Every cable operator wants to be Hulu now. Because if they're not, they could wind up a big old dump pipe instead. The fear of the dreaded dump-pipe possibility, coupled with the realization that there's gold in them there Internet-video hills, is driving cable operators to develop radically integrated methods of serving up their programming. But you can bet that the content and its platforms will remain in walled gardens -- with machine-gun snipers guarding access.
Comcast and Time Warner have been both vocal and bullish about their plans to deliver their lineup to their subscribers on Internet portals. They say they'll launch new services later this year to let their consumers access some of their programming online. Comcast will likely begin rollout this summer of its "On Demand Online," pitched as the Web extension of the company's video-on-demand service.

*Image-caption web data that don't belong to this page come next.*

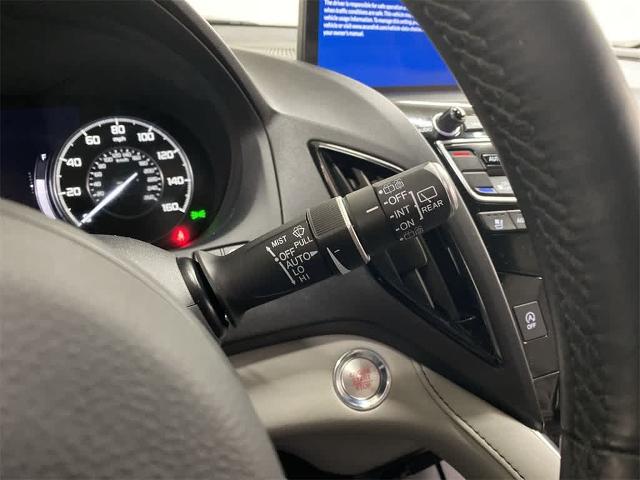 2020 Acura RDX Vehicle Photo in PORTLAND, OR 97225-3518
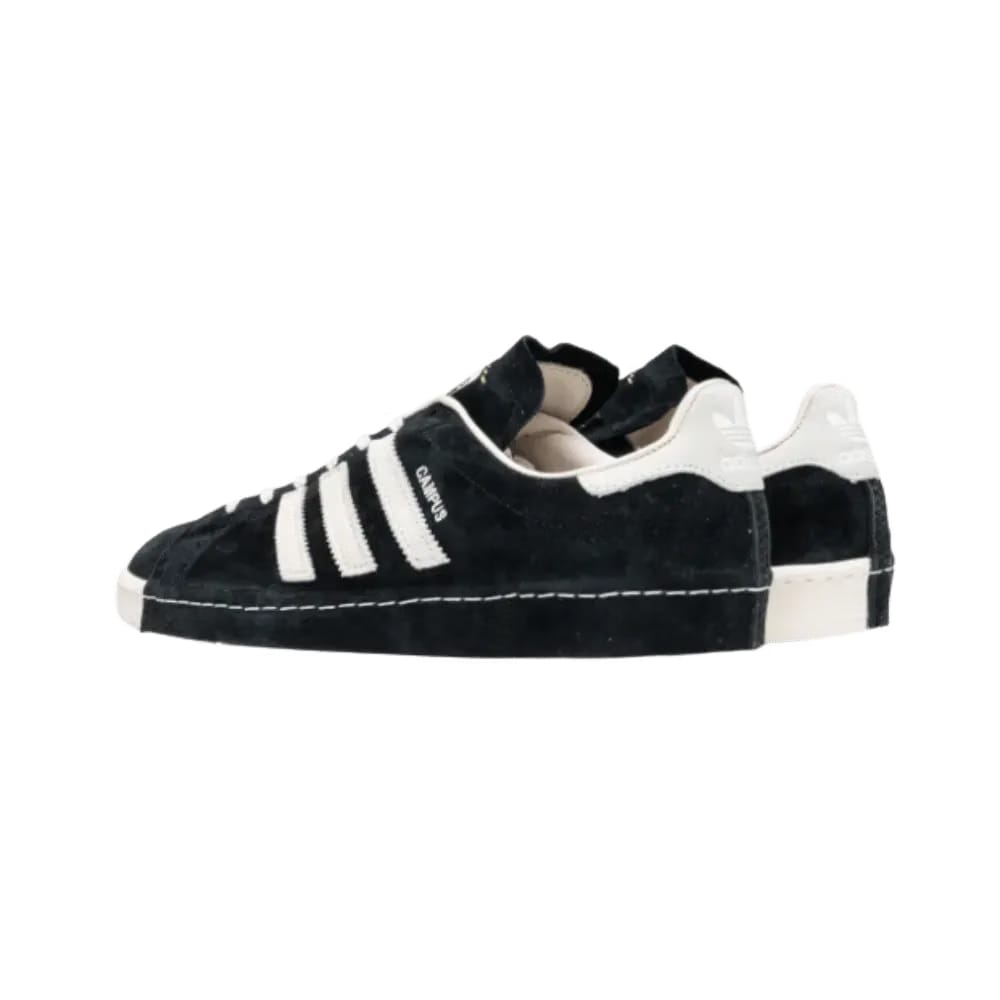 Adidas RECOUTURE x Campus 80 Black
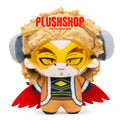 Hawks Doll[Limited restock]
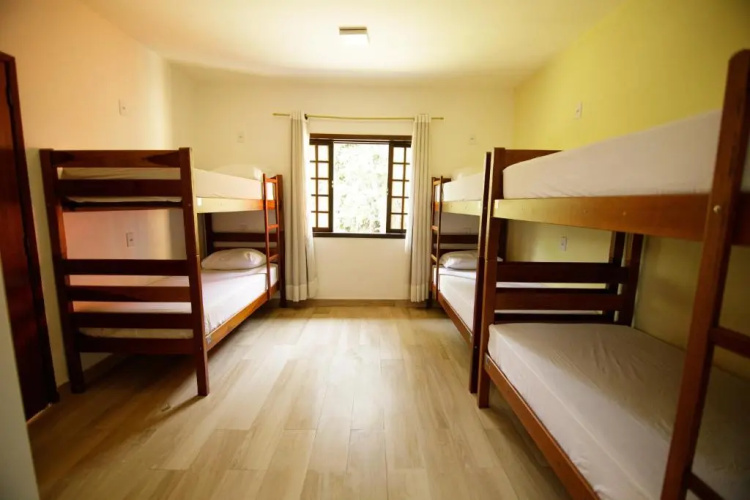 Hostel Refugio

That will bring some cable programs to the Web for the first time, because many cable shows aren't currently streamed online. Some cable networks have been reluctant to bypass cable operators with direct-to-consumer Internet delivery. But they're playing ball with cable operators, and they're also putting pressure on alternative providers who threaten the cablers. The net result is that competition is heating up between new Internet TV providers and the old guard as they each stake out a claim for plugged-in consumers - who increasingly demand their content be everywhere from the TV to the mobile phone to the computer.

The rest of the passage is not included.